Nella scuola non manca chi, a proposito della violenza tra gli adolescenti stranieri, è disposto a fare autocritica. Anche tra gli insegnanti di sinistra. Per esempio Alain Pichard, docente di scuola media a Bienne e membro del sindacato Vpod, ha dichiarato al Sonntagszeitung di «rimproverare alla sinistra, ed in parte ai responsabili dei migranti, di aver troppo a lungo bagatellizzato e rimosso questo problema». È proprio così? Lo chiediamo a Guglielmo Grossi, segretario del sindacato Unia a Berna, membro della direzione del Forum per l'integrazione delle migranti e dei migranti, ex-presidente delle Colonie Libere Italiane, una vita dedicata ai problemi degli immigrati, di cui continua ad occuparsi sia nel sindacato (è membro della Commissione nazionale Migrazione di Unia), sia nel Ps bernese.

La preoccupazione non è che venga rimproverato alla sinistra di non aver preso abbastanza sul serio la cosa, ma che questi fatti di delinquenza giovanile ci sono ed aumentano in modo inquietante. Però, quello che nessuno può contraddire è che questi fatti si verificano nelle famiglie socialmente  disagiate. Anche svizzere. Infatti, se si guardano le statistiche, due terzi dei giovani condannati sono svizzeri e un terzo stranieri.

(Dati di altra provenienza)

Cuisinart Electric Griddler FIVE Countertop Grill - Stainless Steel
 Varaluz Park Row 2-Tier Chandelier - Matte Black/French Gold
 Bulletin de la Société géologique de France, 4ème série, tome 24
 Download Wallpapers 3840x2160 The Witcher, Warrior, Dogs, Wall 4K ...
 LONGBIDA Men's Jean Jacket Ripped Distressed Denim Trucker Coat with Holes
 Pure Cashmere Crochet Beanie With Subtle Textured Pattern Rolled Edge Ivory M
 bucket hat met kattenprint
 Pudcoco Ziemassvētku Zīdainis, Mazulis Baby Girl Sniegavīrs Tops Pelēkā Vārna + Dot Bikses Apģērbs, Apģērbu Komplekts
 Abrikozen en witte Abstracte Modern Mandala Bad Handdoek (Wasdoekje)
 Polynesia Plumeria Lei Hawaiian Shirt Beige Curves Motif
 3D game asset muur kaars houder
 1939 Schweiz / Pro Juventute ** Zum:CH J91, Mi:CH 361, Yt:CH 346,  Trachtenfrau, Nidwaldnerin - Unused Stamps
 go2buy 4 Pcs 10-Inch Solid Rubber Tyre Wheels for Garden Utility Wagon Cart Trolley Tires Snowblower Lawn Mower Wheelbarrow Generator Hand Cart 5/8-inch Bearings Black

Allora, nessuna autocritica?
Non credo che vi siano i margini per un'autocritica. Sono convinto che è bene che si prendano misure per migliorare le possibilità d'integrazione di queste famiglie, però queste misure vanno prese in modo preventivo: l'integrazione non si raggiunge in un anno, ma in una generazione. Ora, l'impegno dei sindacati per le politiche d'integrazione c'è: il sindacato fa moltissimo soprattutto affinché migliorino le condizioni economiche delle famiglie. E lo fa lottando per i minimi salariali e per elevare le condizioni di lavoro minime.
Questi sforzi, però, sembra vengano annullati da un "effetto ghetto". Colpa della scuola, dell'educazione, del "gap" generazionale?
Ci sono un po' tutte queste componenti. Penso che questo tema meriti di essere dibattuto, perché è un compito generale della società, a partire dai genitori nel campo della funzione educativa. Però non come l'Udc, che fa di questa discussione uno strumento di campagna elettorale e cerca non il modo di "guarire" questi giovani, ma il modo di metterli al bando. Sono obiettivi che la sinistra non può condividere: deve trattare il problema con correttezza, anche se ciò comporta qualche perdita in termini di consensi elettorali.
La scuola e la famiglia devono trasmettere dei valori. Quale delle due istituzioni non lo fa bene?
Temo, tutt' e due. Però è chiaro che il primo impulso negativo viene dalla famiglia, anche perché troppe famiglie non hanno il tempo libero da dedicare all'educazione dei loro figli, che spesso si ritrovano sui marciapiedi, in giro, in gruppi dove tutti sono in analoghe situazioni di disagio. La scuola, invece, è il luogo dove i valori potrebbero essere portati in modo strutturato, ma qui bisogna capire quanto questo sia possibile, quanto gli insegnanti siano stati formati anche per la trasmissione di questi valori.